Founded by Pine to harness the collective strength of African-Caribbean jazz musicians based in the UK, the Jazz Warriors broke up in somewhat acrimonious circumstances after a thrilling but short-lived existence. It re-emerged under Warriors' bassist Gary Crosby's leadership in 1991 as Tomorrow's Warriors, with the express intent of nurturing young African-Caribbean jazz musicians.
A multi-generational band had been part of Pine's vision for the original Warriors, and the line-up he put together for the 2007 Barbican concert was in that respect a latter day reflection of the first big band. This time, the established names were trumpeter Byron Wallen, pianist Alex Wilson and Pine himself. The other musicians ranged from on-the-cusp of stardom trumpeter Jay Phelps and saxophonists Jason Yarde and Shabaka Hutchins, to the relatively unknown cellist Ayanna Witter Johnson and steel pans player Samuel Dubois, taking in along the way the superb drummer Robert Fordjour, bassist Darren Taylor and electric violinist Omar Puente.
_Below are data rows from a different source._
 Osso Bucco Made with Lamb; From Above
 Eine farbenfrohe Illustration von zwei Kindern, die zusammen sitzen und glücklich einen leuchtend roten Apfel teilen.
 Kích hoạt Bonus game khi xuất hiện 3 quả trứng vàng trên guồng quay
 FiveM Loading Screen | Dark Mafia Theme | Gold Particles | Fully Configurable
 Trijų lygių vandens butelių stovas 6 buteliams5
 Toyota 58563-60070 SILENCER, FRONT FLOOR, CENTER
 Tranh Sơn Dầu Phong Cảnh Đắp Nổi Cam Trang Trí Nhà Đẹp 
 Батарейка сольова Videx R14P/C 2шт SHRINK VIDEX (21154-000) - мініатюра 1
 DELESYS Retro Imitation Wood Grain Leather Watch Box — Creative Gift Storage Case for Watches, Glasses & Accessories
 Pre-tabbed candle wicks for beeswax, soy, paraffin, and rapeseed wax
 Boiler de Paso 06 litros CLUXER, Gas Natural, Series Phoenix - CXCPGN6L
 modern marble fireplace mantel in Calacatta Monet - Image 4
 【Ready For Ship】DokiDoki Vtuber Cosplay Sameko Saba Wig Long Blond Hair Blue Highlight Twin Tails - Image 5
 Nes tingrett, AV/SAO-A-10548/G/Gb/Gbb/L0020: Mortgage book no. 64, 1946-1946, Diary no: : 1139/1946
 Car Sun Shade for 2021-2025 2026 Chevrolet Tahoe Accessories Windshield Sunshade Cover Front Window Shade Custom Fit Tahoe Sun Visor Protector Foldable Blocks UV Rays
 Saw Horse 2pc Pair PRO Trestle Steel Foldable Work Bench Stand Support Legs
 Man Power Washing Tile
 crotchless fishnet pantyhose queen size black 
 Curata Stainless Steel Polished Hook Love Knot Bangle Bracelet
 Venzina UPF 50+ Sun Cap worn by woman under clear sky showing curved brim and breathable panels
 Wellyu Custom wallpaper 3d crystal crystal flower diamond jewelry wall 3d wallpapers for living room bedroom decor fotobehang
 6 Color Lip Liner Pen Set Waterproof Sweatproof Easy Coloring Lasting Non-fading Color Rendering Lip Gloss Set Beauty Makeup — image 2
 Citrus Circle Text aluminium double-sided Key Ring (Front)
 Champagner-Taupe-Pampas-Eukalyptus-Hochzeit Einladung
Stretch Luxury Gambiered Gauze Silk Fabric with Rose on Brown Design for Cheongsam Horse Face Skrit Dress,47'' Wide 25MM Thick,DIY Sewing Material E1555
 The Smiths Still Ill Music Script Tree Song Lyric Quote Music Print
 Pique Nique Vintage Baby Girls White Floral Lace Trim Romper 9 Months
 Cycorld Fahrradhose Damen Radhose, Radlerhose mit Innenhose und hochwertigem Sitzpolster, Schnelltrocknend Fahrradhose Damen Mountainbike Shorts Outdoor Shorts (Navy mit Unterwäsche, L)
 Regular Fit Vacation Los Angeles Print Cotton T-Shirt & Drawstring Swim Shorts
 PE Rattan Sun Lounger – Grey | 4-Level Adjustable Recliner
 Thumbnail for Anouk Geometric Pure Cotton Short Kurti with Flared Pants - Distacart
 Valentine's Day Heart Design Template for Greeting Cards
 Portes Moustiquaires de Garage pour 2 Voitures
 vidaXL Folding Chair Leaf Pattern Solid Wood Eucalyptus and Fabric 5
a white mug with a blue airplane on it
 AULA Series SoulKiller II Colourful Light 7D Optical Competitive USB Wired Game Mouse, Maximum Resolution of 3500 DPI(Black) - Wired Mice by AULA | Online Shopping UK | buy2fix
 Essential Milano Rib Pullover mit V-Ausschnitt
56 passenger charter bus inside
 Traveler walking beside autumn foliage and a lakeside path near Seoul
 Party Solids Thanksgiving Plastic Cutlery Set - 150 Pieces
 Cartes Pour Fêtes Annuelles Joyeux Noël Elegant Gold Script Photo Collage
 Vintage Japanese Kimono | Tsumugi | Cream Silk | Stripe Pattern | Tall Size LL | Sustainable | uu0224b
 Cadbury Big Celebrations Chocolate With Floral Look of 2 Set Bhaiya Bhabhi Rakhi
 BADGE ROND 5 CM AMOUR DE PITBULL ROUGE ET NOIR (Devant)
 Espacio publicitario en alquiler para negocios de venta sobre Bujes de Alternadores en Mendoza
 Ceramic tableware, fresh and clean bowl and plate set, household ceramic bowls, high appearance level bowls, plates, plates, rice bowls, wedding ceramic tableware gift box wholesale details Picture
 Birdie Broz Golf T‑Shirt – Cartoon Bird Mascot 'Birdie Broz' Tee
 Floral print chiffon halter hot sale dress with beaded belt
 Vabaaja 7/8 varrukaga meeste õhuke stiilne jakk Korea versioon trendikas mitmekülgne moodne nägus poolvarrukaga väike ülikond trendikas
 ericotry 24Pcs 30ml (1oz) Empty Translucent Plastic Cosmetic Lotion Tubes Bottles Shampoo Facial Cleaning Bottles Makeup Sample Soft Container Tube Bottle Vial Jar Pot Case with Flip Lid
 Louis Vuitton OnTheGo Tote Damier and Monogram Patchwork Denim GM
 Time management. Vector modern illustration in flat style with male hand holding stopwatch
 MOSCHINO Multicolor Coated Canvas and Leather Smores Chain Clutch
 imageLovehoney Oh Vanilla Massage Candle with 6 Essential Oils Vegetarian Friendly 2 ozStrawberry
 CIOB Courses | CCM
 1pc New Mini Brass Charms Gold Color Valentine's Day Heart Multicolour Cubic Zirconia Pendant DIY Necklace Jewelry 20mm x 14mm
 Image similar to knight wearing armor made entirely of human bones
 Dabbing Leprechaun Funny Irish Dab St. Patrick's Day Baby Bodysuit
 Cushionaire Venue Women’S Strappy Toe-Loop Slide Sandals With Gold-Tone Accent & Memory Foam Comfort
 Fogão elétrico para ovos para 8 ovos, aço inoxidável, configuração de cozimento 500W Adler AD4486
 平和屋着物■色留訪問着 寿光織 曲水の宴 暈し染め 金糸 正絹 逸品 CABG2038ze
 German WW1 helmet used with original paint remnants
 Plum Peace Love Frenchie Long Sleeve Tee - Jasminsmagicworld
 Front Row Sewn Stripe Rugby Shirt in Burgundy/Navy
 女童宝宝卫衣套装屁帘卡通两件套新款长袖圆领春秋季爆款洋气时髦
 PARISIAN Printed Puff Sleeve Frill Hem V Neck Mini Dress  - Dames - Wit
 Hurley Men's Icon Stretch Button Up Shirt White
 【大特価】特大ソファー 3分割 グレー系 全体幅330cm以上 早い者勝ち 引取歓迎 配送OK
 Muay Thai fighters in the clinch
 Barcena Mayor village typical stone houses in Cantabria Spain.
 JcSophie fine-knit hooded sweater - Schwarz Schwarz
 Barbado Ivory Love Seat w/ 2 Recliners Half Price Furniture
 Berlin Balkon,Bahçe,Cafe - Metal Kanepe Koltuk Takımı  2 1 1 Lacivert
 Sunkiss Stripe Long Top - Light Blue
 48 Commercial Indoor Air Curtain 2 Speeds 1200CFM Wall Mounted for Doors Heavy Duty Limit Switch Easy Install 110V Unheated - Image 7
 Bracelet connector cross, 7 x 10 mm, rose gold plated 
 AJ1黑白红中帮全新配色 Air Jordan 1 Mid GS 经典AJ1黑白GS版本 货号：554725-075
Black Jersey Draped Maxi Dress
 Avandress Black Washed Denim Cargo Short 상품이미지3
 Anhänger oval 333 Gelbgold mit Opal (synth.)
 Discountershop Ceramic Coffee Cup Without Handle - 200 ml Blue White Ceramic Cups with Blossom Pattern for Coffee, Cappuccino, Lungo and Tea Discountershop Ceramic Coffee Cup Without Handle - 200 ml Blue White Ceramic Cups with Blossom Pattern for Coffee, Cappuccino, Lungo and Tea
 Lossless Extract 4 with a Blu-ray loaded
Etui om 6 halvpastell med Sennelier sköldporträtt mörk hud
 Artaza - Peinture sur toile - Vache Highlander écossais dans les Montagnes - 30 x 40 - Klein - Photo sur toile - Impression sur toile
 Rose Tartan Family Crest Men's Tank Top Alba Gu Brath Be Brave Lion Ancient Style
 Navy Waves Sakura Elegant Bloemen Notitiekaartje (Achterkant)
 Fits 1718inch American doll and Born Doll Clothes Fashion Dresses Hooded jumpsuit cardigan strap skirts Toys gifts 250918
It's a kick-ass line-up, and the music on Afropeans, as befits the occasion, is in the main tumultuous and celebratoryand also defiant, for the abolition of slavery did not, of course, wipe out economic deprivation, from which many black Britons continue to suffer.
Six of the eight tracks were composed and arranged by Pine (the exceptions being Omar Puente's "Apunta Un Lapiz" and Alex Wilson's arrangement of the traditional "Remercier Les Travelleurs"). Solo spots are spread in an egalitarian fashion across the 15 members of the band (Pine takes only one, on "Crossing The Sands," on bass clarinet).
The album's highpoint is Wilson's six-minute showcase, "Remercier Les Travelleurs," in which he approaches the piano as though it is a west African kora, recreating that singular instrument's cascading runs and, uncannily, even something of its sound. Other highlights, and there are many, include trombonist Harry Brown's stirring evocation of the unruly Jamaican ska master, the late Don Drummond, on "Blak Flag;" Samuel Dubois' quirky jazz-pans solo on "We Are A Warrior;" and Jason Yarde's booting baritone theme statement on "Civilisation" and exultant soprano solo on "Abolition Day."
It seemed like a great gig at the timeand this welcome and engaging album confirms that indeed it was. Please, let's not have to wait another 20 years for the next one.
Roots; Abolition Day; Remercier Les Travelleurs; Blak Flag; Apunta Un Lapiz; Crossing The Sands; Civilisation.
Courtney Pine: alto flute, bass clarinet; tenor saxophone, shaker; Jason Yarde: soprano and baritone saxophone, wind shaker; Nathaniel Facey: alto saxophone, finger cymbal; Shabaka Hutchins: clarinet, bass clarinet, tenor saxophone, finger cymbal; Byron Wallen: trumpet, flugelhorn, tambourine; Jay Phelps: trumpet, flugelhorn, shekere; Chris Storr: trumpet, flugelhorn, tambourine; Harry Brown: trombone; Alex Wilson: acoustic piano; Samuel Dubois: alto and bass steel pans, cabasa; Femi Temowo: electric and acoustic guitar; Ayanna Witter Johnson: cello, voice; Omar Puente: electric violin; Darren Taylor: double bass; Robert Fordjour: drums, Egyptian tabla.